Nie ma ciała, nie ma grobu

"Akropolis" w reż. Łukasza Twarkowskiego w Starym Teatrze w Krakowie. Pisze Łukasz Badula w portalu kulturaonline.pl

Łukasz Twarkowski pakuje Wyspiańskiego na multimedialny Titanic i rozbija o skałę solipsyzmu. Ale jakaż to frapująca katastrofa!

Nie zna się dnia, ani godziny. To może nastąpić w każdej chwili. Każdego dnia i na każdym spektaklu. Bo wizytom w Starym Teatrze od jakiegoś czasu towarzyszy niezdrowa ekscytacja. Datowana na listopad ubiegłego roku, gdy grupka oburzonych widzów (czytaj: prawdziwych patriotów) przerwała inscenizację "Do Damaszku". Negatywna atmosfera osiągnęła kulminację przy okazji odwołanej "Nie-Boskiej Komedii". Emocje, choć wpisane w działania nowego dyrektora placówki - Jana Klaty, przybrały jakąś chorobliwą, histeryczną formę. Skoro swój paszkwil poświęca Klacie "Nasz Dziennik", wiedz, że coś się dzieje. I może eksplodować akurat nad twoją głową. Gdy spokojnie chłoniesz kolejną premierę krakowskiego teatru.

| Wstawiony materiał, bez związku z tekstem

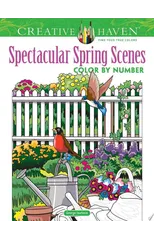 Creative Haven Spectacular Spring Scenes Color by Number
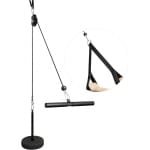 Fitnessapparaat voor lat- en onderarmtraining met touw - Krachttraining voor arm en triceps - Gewichts trainer voor thuis - Doe-het-zelf lattrektoren - Sporttoestel voor thuis sporten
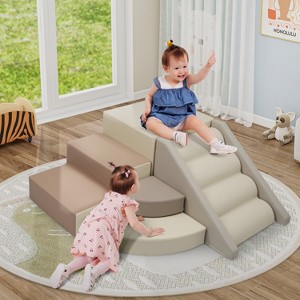 BABYYER 9-Piece Kids Climb & Crawl Soft Foam, Toddler Toys Indoor, Baby Climbing Toys - 1 of 4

To raczej nie zdarzy się na "Akropolis". W każdym razie piątkowa inscenizacja z 25 stycznia nie przyciągnęła prawicowych krzykaczy. Był co najwyżej śmiech części widowni. Nerwowy i demonstracyjny, jakby ktoś koniecznie chciał reszcie zakomunikować: Mnie to wcale nie rusza. Na scenie przy Jagiellońskiej niewątpliwie czuć dziwne napięcie. Udziela się ono nie tylko widowni czy obsadzie. W piątek przez chwilę posłuszeństwa odmówiła aparatura wideo. Zmuszając aktorów do powtórzenia jednej sceny. Kto wie, może ów replay był zamierzony?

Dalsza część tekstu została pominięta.